Another friend gave me info on how brick ovens were made in Argentina using clay bricks and for mortar they use a mix of clay sand and horse manure. You might wonder about the horse manure but it works well I'm told and the inside of a brick oven you place the bricks edge to edge so it is unlikely that it will fall into your food. Lacking the clay I opted for a mix of sand, fire clay, Lime and Portland cement. The mortar was my largest cost.

This is the base for the wood fired brick oven. Someone asked for the plans, that string tied to the nail is it. This will be a dome when done, all you really need is the string for measurements. I made the dome 17" radius or 34" in diameter.

I started with the door and arch, the door is 18" wide and 11 1/2" high, most likely a little high. It is set into the 34" dia. circle so that the dome brick will hit the arch. The concrete platform I poured on top of the rebuilt fire pit. concrete block is not the greatest for a fire pit, the last one only lasted 34 years. This one will hopefully last 3 or 4 years till we build the cabin. I'm hoping that I can lift the pad to a new location, if not I get to build a new oven.
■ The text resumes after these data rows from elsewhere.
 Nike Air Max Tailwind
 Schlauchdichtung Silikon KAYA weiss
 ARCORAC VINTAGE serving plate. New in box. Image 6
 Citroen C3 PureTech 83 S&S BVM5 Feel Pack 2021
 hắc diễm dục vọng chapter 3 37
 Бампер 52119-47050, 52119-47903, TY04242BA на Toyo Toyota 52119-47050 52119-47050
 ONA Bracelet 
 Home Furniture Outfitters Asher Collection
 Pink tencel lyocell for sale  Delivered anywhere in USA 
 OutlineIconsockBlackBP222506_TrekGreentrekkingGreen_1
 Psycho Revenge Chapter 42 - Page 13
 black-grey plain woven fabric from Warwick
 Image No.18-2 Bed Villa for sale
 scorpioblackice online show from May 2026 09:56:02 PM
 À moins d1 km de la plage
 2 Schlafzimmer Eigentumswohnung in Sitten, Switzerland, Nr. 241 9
The bottom course of bricks are on edge,this is because there will be a stone base for the fire and cooking. I will add this when I get it later.
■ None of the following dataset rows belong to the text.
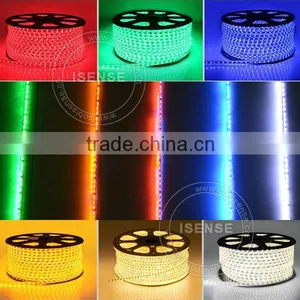 Hottest Products!! 1210/3528smd Led Car Led Strip, Led Strip Led Light, Led Strip Guangzhou Auto Parts thumbnail-1
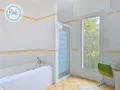 Maison a vendre Bannalec 29380 Finistère 29 137 m2 6 pièces 398240 euros 29143-97 010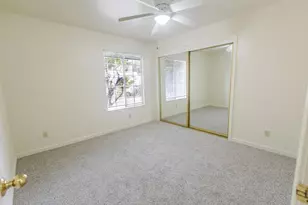 678 Teesdale Rd, Yuba City, CA 95991 - Photo 20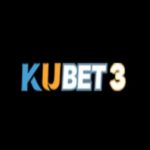 Profile photo of kubett3store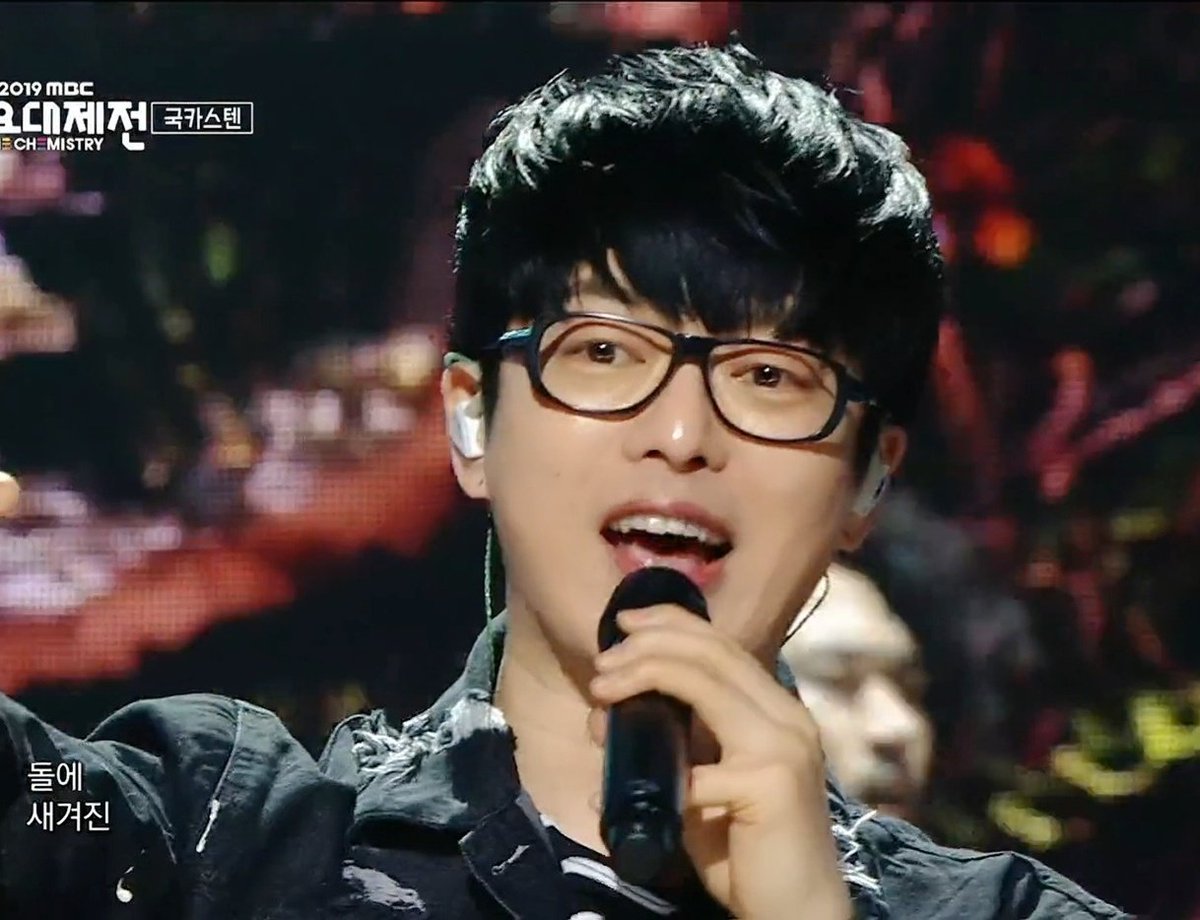 라크나 tweet media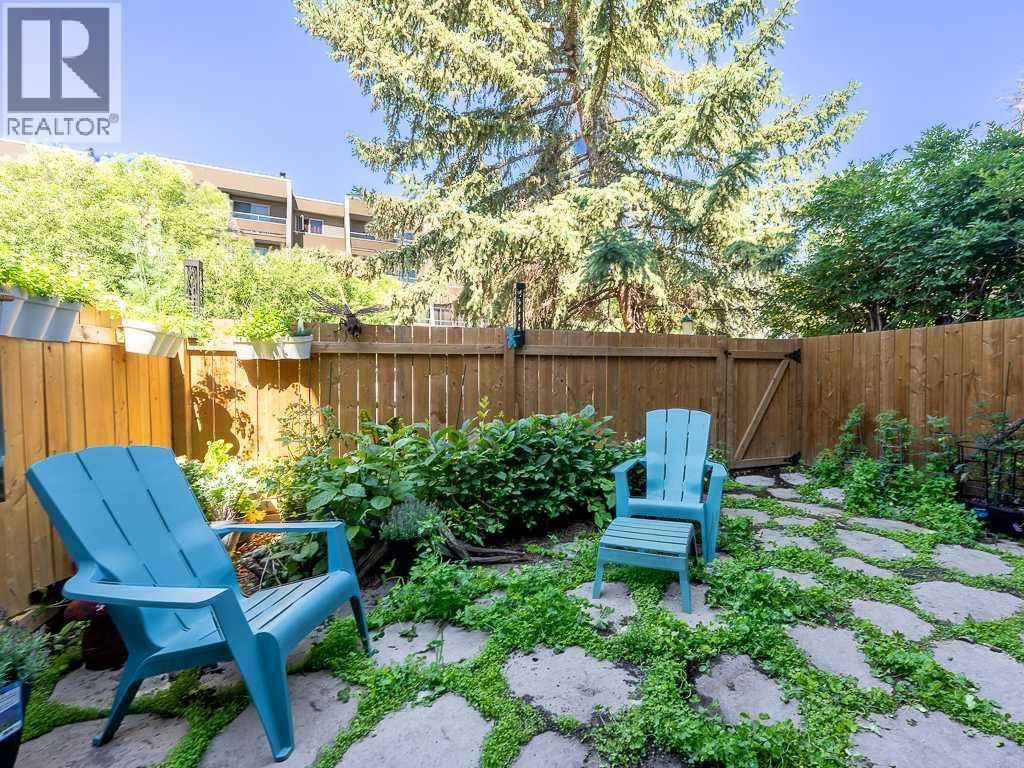 93 Grier Place property photo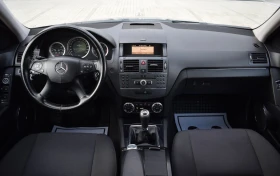 Mercedes-Benz C 220 2.2Cdi/OM646/Full/Обслужен/Harman-Kardon/УНИКАТ/// - 6799 € - 95722559 11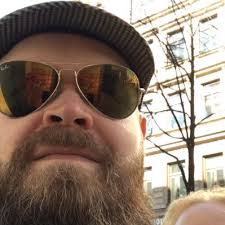 Samuel Rowland (@TheNordicKnight)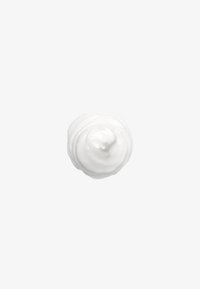 Bumble and bumble HAIRDRESSER´S INVISIBLE OIL CONDITIONER - Conditioner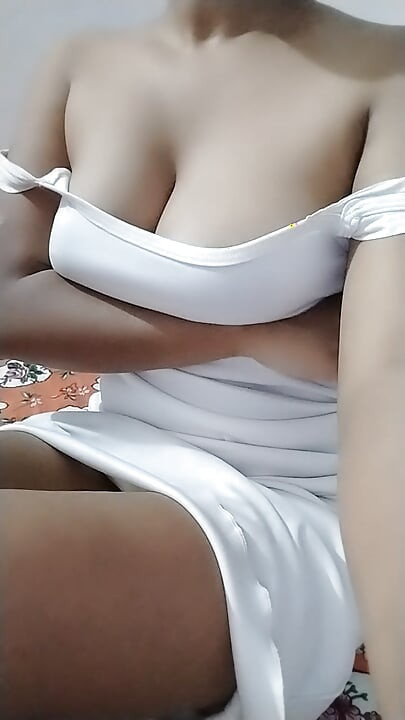 Girl XXX Video
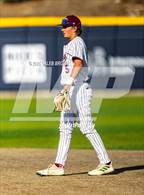 Photo from the gallery "Maple Mountain vs. Viewmont (UHSAA 5A Bracket Play)"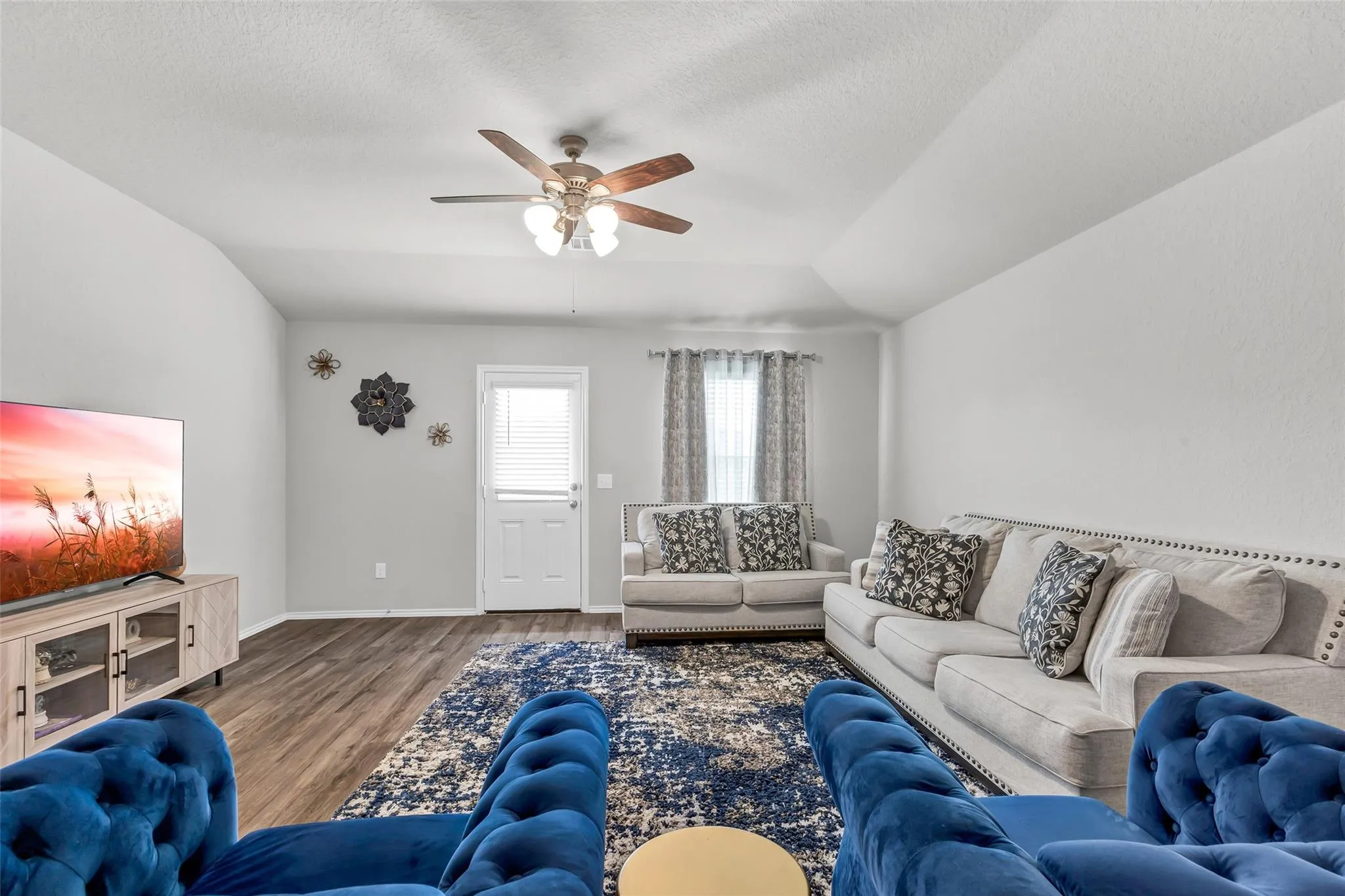 18611 Scarlet Meadow Lane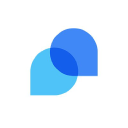 Tidio – Cashback, Rebates & Rewards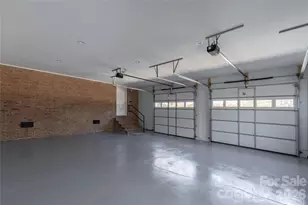 3879 Flat Creek Rd, Lancaster, SC 29720 - Photo 18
This shows the chimney is added I made it the same width as a brick to make life easier. Note bricks are not fire brick but cheap clay bricks, my potter friends tell me they will work. In any case this is an experimental oven as it stands on the site of our future cabin. If we get a couple years out of it I will be happy and I most likely will want to build something more elaborate when I build permanently.

It looks better on the inside

This is the chimney and damper, next time I would make it a bit longer, but it works well

Just a rough coat of mud I will add some fiberglass strand to the finish coat.
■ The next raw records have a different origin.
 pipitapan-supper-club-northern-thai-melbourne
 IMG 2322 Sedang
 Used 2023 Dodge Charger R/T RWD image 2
I've fired the oven three times now, this shows a coating of sand, fire clay, lime and Portland cement, with fiberglass strand in in for reinforcing. I want to try cooking pizzas so this is a test.

675 F should be warm enough.

Lots of ash, I need a supply of hardwood. Most ovens use fire brick and that is what is on the bottom I added granite tile, and think I might be able to get some thick granite for the floor. As it was I paid $5.00 for 10 square feet of tile so this will be no loss.

This is the important stuff, I made the pizza peel on the lower left from scrap hardwood and shaped it with tools in my metal working area.

Scraping out the ash. It still looks like a construction site, but we want to give it a try.

The tile has a few cracks but it looks good.

First pizza cooked/burnt in 60 seconds, I didn't say I knew how to cook. 675 is too hot

Pam's pizza

oops still too hot, Pam says I can burn things to perfection.

Pam's Caramel pizza

Caramel Pizza cooking

Perfection! and 525F is a great temperature. Looking forward to the next attempt and we need to practice our pizza crust skills

We finished the insulating coat, sometime this week I will parge it, to make it water proof. This oven is an exercise in how to make a cheap wood fired oven, I would say anyone can make one like this with about $500.00 in materials, and bit of hunting would take it down to $250.00 metal working skills would be required for the door. I was able to make this for a bit less but people gave me materials


  1. This is great Daryl. Now I want to build one too. The regular bricks will work just fine. The whole thing looks cool and food cooked in a wood oven always tastes good. If you wad up a piece of newspaper and throw it in the hot oven, it should brown in one minute without burning,then the oven is ready to bake in. Galen

    1. Thanks Galen, It was Pam's Birthday today and we baked 8 pizza's, Kids thought was heaven, we even baked one to go. I'm not a cook but even I can make a fantastic pizza in that oven. Playing with crust recipes and have found one that works and want to try more. I do need a supply of hardwood, the closest I can buy is 1 1/2 hours away.

  2. You can really taste the difference between a wood fired oven from the conventional one. It looks fun and feels authentic to use this, especially when you’re going to cook pizza, bread, etc. But, building one is very time consuming and you need to really watch closely what you are cooking because it doesn't sustain the same temperature for the duration.